==== Materials provided

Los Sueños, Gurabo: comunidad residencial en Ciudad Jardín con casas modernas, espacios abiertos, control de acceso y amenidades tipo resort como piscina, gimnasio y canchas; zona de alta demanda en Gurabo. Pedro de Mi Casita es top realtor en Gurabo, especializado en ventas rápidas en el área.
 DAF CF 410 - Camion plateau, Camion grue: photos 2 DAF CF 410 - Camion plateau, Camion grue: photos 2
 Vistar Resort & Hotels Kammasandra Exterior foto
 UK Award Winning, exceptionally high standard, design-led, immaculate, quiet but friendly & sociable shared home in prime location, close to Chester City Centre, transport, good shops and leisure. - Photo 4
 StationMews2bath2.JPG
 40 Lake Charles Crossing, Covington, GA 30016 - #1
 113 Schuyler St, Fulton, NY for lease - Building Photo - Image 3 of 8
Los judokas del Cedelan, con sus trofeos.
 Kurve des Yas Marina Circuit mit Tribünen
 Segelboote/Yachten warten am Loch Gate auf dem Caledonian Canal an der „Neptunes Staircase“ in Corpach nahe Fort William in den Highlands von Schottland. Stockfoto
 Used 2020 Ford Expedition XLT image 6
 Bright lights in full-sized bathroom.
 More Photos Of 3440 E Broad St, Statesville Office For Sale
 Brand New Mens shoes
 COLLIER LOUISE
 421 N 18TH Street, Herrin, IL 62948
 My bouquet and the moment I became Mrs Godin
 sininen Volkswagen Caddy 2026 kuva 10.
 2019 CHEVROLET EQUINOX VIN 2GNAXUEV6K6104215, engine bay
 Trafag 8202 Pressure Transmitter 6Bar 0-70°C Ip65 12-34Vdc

========

◆ **Required work**
Taking the entries above, print exactly the lines starting at the line with "Vistar Resort &" and ending at the line with "UK Award Winning, exceptionally", both included.

◆ **Response box**
 Vistar Resort & Hotels Kammasandra Exterior foto
 UK Award Winning, exceptionally high standard, design-led, immaculate, quiet but friendly & sociable shared home in prime location, close to Chester City Centre, transport, good shops and leisure. - Photo 4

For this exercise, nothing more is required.